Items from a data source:
= = = = = = =
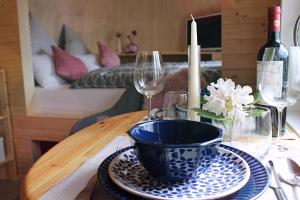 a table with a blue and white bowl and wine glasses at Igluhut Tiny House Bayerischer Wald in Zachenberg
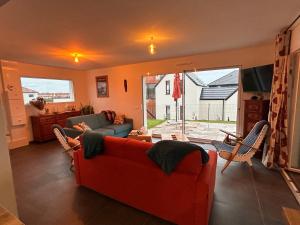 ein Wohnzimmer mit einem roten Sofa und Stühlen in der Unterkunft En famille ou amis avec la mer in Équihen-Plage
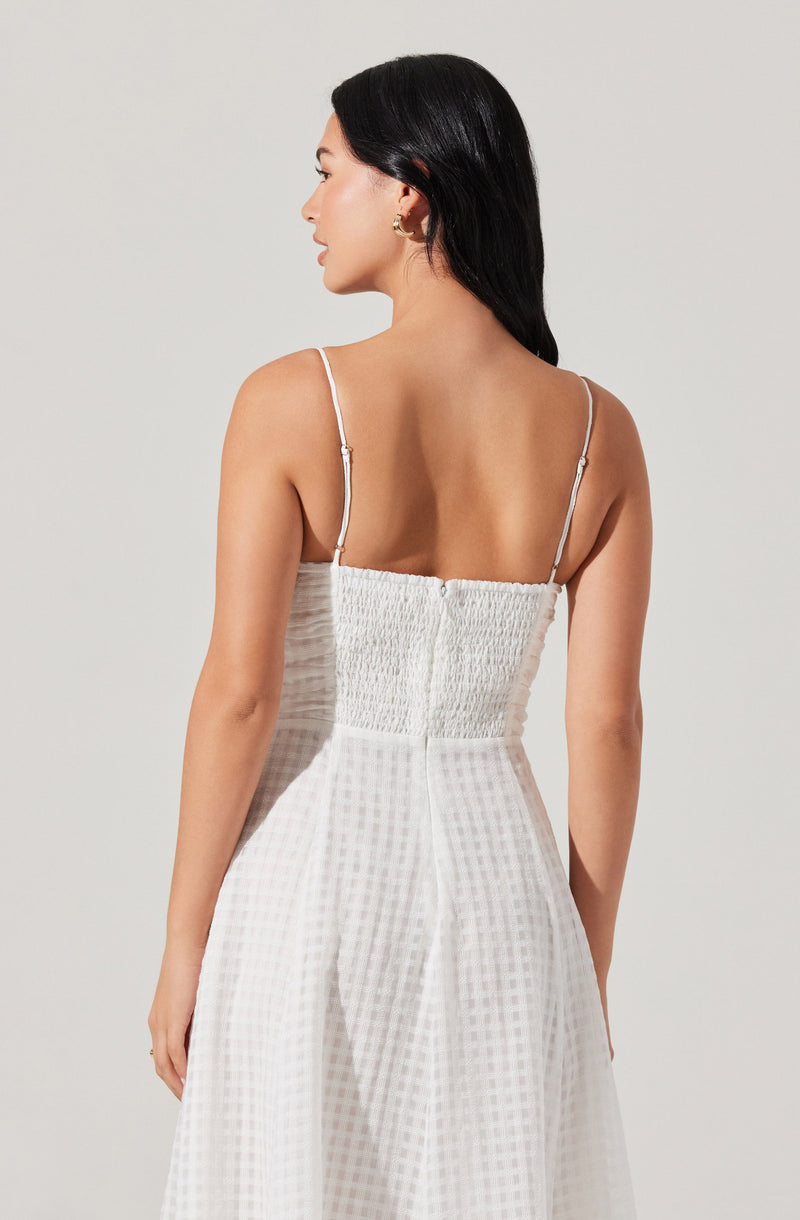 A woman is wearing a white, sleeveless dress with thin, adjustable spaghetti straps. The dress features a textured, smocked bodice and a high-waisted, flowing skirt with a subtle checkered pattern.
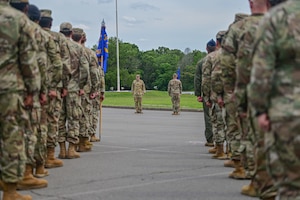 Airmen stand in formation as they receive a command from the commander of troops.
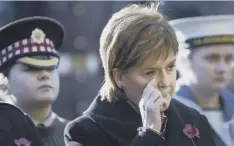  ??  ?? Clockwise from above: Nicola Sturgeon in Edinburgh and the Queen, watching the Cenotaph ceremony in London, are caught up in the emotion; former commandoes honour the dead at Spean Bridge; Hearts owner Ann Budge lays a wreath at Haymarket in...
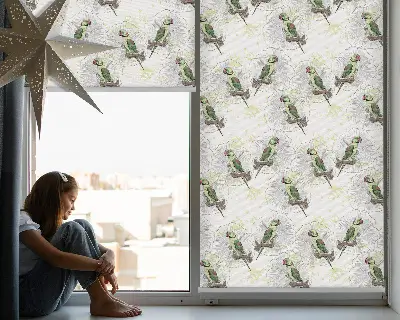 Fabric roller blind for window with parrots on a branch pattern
= = = = = = =
▶ _The task_
Exactly as they appear, repeat the lines from the one containing "A woman is wearing" through the last line of the entries, counting both ends. Pictures stay out.

▶ _Answer for this exercise_
 A woman is wearing a white, sleeveless dress with thin, adjustable spaghetti straps. The dress features a textured, smocked bodice and a high-waisted, flowing skirt with a subtle checkered pattern.
 Airmen stand in formation as they receive a command from the commander of troops.
  ??  ?? Clockwise from above: Nicola Sturgeon in Edinburgh and the Queen, watching the Cenotaph ceremony in London, are caught up in the emotion; former commandoes honour the dead at Spean Bridge; Hearts owner Ann Budge lays a wreath at Haymarket in...
 Fabric roller blind for window with parrots on a branch pattern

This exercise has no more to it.